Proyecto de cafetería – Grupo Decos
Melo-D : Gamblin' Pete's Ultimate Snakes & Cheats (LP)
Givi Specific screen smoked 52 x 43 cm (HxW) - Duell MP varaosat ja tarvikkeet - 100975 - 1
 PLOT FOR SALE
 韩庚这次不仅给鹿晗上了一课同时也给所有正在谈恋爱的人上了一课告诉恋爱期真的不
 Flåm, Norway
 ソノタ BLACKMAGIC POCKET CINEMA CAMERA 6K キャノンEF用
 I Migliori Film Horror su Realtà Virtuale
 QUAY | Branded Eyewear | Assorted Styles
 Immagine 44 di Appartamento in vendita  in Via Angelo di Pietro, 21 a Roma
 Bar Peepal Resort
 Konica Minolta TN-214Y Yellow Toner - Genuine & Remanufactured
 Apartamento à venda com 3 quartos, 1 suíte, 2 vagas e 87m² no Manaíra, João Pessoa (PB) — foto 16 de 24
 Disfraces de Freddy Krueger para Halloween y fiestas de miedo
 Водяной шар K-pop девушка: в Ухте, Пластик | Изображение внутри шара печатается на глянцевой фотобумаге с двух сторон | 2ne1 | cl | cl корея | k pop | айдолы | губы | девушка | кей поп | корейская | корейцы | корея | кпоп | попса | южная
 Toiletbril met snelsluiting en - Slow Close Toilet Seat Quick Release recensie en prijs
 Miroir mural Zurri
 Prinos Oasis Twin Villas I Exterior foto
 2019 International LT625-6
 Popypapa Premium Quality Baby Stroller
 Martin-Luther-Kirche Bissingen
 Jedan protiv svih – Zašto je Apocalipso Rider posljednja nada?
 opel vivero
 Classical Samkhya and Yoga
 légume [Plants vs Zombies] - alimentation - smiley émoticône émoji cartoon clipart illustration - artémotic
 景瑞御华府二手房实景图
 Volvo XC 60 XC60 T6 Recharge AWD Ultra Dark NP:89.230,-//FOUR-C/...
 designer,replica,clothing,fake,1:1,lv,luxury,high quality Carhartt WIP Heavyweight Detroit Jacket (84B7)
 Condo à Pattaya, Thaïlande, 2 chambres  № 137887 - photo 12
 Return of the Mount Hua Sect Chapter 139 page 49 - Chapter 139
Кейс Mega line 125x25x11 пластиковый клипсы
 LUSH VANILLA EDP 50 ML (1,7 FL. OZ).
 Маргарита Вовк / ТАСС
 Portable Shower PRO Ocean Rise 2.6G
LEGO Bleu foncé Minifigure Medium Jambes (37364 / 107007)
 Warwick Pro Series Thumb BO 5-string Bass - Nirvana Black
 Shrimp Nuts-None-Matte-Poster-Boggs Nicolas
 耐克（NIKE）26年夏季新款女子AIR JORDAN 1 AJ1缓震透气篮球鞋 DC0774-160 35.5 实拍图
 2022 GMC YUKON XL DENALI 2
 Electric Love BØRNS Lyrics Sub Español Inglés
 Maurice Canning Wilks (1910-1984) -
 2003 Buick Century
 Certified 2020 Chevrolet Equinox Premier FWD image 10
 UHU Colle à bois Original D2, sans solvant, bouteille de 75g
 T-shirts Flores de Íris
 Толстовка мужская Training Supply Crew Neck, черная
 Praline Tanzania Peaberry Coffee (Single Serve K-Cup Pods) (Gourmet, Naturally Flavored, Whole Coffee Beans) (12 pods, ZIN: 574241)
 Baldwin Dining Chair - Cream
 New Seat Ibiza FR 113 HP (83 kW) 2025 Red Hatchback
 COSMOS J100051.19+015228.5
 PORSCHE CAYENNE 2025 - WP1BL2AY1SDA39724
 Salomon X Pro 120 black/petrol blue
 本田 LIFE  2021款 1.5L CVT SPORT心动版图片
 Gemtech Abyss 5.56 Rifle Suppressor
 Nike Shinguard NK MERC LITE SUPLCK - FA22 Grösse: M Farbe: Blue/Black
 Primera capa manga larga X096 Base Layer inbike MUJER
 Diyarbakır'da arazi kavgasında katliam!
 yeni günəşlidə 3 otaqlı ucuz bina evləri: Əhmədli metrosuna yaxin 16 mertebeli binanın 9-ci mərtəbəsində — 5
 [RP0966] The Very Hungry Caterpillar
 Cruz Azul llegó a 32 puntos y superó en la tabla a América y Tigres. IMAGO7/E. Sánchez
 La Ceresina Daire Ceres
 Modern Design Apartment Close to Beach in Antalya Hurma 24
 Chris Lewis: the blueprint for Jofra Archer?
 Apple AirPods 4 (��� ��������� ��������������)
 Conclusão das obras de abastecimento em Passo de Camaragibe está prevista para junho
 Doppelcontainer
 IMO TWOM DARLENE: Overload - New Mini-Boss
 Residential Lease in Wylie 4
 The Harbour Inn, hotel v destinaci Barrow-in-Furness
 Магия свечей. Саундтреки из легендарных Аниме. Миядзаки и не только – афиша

= = = =

-- What you have to do --
For this exercise, output exactly the lines above from the line with "I Migliori Film Horror su Realtà Virtuale" to the line with "Толстовка мужская Training", counting both, and leave out the rest.

-- Response to this task --
 I Migliori Film Horror su Realtà Virtuale
 QUAY | Branded Eyewear | Assorted Styles
 Immagine 44 di Appartamento in vendita  in Via Angelo di Pietro, 21 a Roma
 Bar Peepal Resort
 Konica Minolta TN-214Y Yellow Toner - Genuine & Remanufactured
 Apartamento à venda com 3 quartos, 1 suíte, 2 vagas e 87m² no Manaíra, João Pessoa (PB) — foto 16 de 24
 Disfraces de Freddy Krueger para Halloween y fiestas de miedo
 Водяной шар K-pop девушка: в Ухте, Пластик | Изображение внутри шара печатается на глянцевой фотобумаге с двух сторон | 2ne1 | cl | cl корея | k pop | айдолы | губы | девушка | кей поп | корейская | корейцы | корея | кпоп | попса | южная
 Toiletbril met snelsluiting en - Slow Close Toilet Seat Quick Release recensie en prijs
 Miroir mural Zurri
 Prinos Oasis Twin Villas I Exterior foto
 2019 International LT625-6
 Popypapa Premium Quality Baby Stroller
 Martin-Luther-Kirche Bissingen
 Jedan protiv svih – Zašto je Apocalipso Rider posljednja nada?
 opel vivero
 Classical Samkhya and Yoga
 légume [Plants vs Zombies] - alimentation - smiley émoticône émoji cartoon clipart illustration - artémotic
 景瑞御华府二手房实景图
 Volvo XC 60 XC60 T6 Recharge AWD Ultra Dark NP:89.230,-//FOUR-C/...
 designer,replica,clothing,fake,1:1,lv,luxury,high quality Carhartt WIP Heavyweight Detroit Jacket (84B7)
 Condo à Pattaya, Thaïlande, 2 chambres  № 137887 - photo 12
 Return of the Mount Hua Sect Chapter 139 page 49 - Chapter 139
Кейс Mega line 125x25x11 пластиковый клипсы
 LUSH VANILLA EDP 50 ML (1,7 FL. OZ).
 Маргарита Вовк / ТАСС
 Portable Shower PRO Ocean Rise 2.6G
LEGO Bleu foncé Minifigure Medium Jambes (37364 / 107007)
 Warwick Pro Series Thumb BO 5-string Bass - Nirvana Black
 Shrimp Nuts-None-Matte-Poster-Boggs Nicolas
 耐克（NIKE）26年夏季新款女子AIR JORDAN 1 AJ1缓震透气篮球鞋 DC0774-160 35.5 实拍图
 2022 GMC YUKON XL DENALI 2
 Electric Love BØRNS Lyrics Sub Español Inglés
 Maurice Canning Wilks (1910-1984) -
 2003 Buick Century
 Certified 2020 Chevrolet Equinox Premier FWD image 10
 UHU Colle à bois Original D2, sans solvant, bouteille de 75g
 T-shirts Flores de Íris
 Толстовка мужская Training Supply Crew Neck, черная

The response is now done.